Always politically correct, Raghuvansh Prasad would silently listen to journalists’ outpourings on how instead of an inexperienced Rabri Devi, he should have been made the Chief Minister of Bihar in 1997 when incumbent Chief Minister Lalu Prasad Yadav went to serve a jail term in fodder scam.

However, Lalu Yadav has never been apologetic about the dynastic rule in his party which prevented Raghuvansh Prasad from attaining his full potential and rising to the top position. Even now when Yadav is serving a jail sentence, Raghuvansh Prasad, though party vice-president, had to play second fiddle to his sons, Tejashwi Yadav and Tej Pratap Yadav, in the party.
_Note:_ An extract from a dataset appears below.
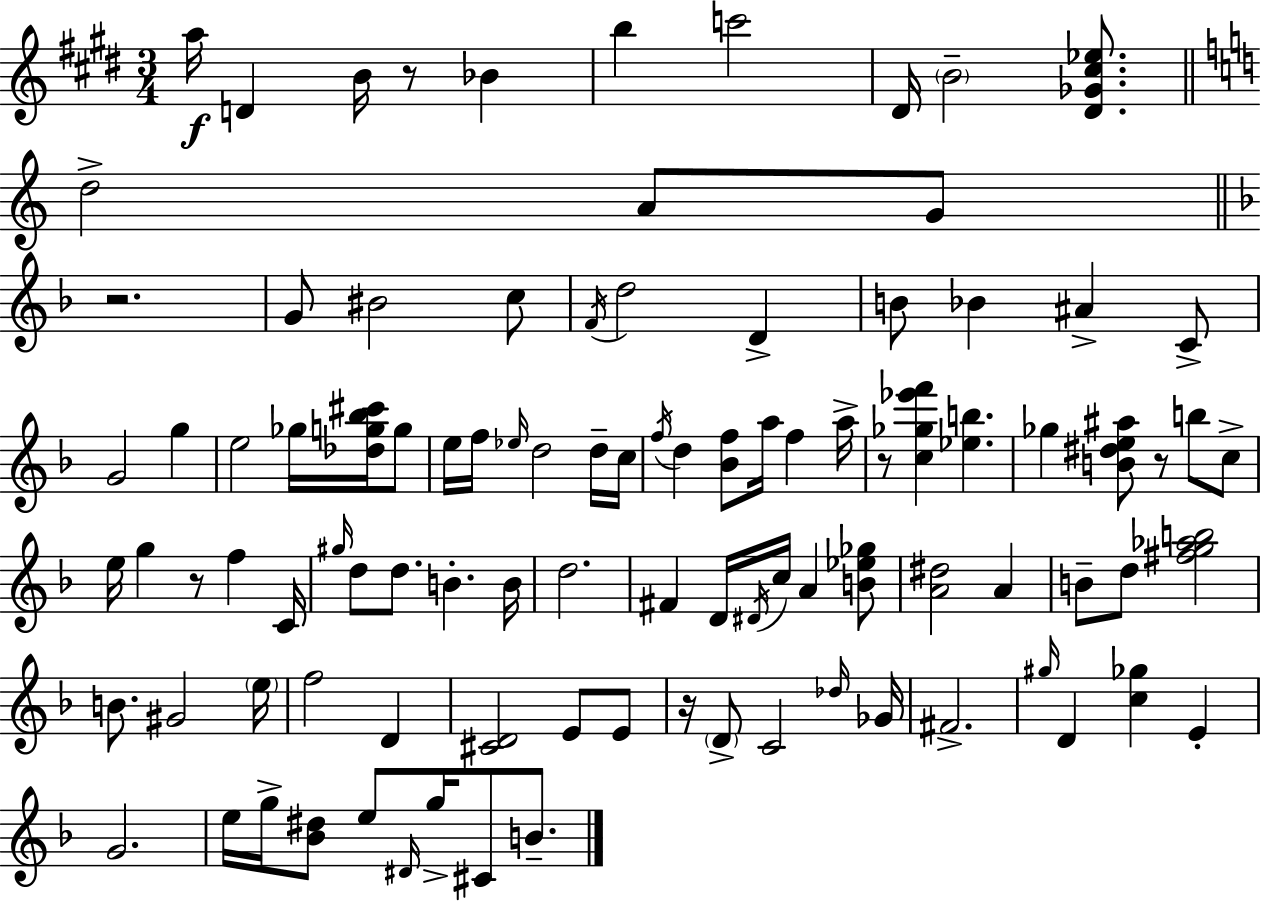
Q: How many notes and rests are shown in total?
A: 99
Raghuvansh Babu’s famous ‘dahi-chura’ (yogurt and flattened rice) parties on Makar Sankranti (harvest festival in January) were very popular and his list of invitees swelled over the years to include print and electronic media, bureaucrats and ministerial colleagues from Bihar. He would personally escort every guest to the laid out buffet and not allow anyone to leave without at least having `gajak’ (dessert made from jaggery and sesame seeds) on the festive occasion. There was no formality and no security hindrances at such do’s. He was such a perfect host that the spread would not just comprise `dahi-chura’ but also include north Indian delicacies for the uninitiated.
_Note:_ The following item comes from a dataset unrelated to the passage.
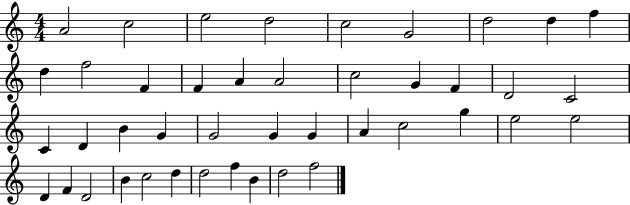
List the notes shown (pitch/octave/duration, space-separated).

A4/h C5/h E5/h D5/h C5/h G4/h D5/h D5/q F5/q D5/q F5/h F4/q F4/q A4/q A4/h C5/h G4/q F4/q D4/h C4/h C4/q D4/q B4/q G4/q G4/h G4/q G4/q A4/q C5/h G5/q E5/h E5/h D4/q F4/q D4/h B4/q C5/h D5/q D5/h F5/q B4/q D5/h F5/h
One hardly ever saw him lose his cool. He was always smiling and welcoming and maintained an open house for journalists at his Ministry office in Krishi Bhavan. In fact, he had earmarked afternoon time for “milna ho toh” (“if you want to meet”), a rarity now. And, while he did not talk much about his own ministry, he would share nuggets about other departments.

As for political news: Such was his understanding of the political nuances, so well-informed was he and so affable, that he was amongst the most sought-after politicians amongst the media.

Such politicians are rare to come by. He deserved better and more.

The author is a New Delhi-based senior journalist. Views expressed are personal.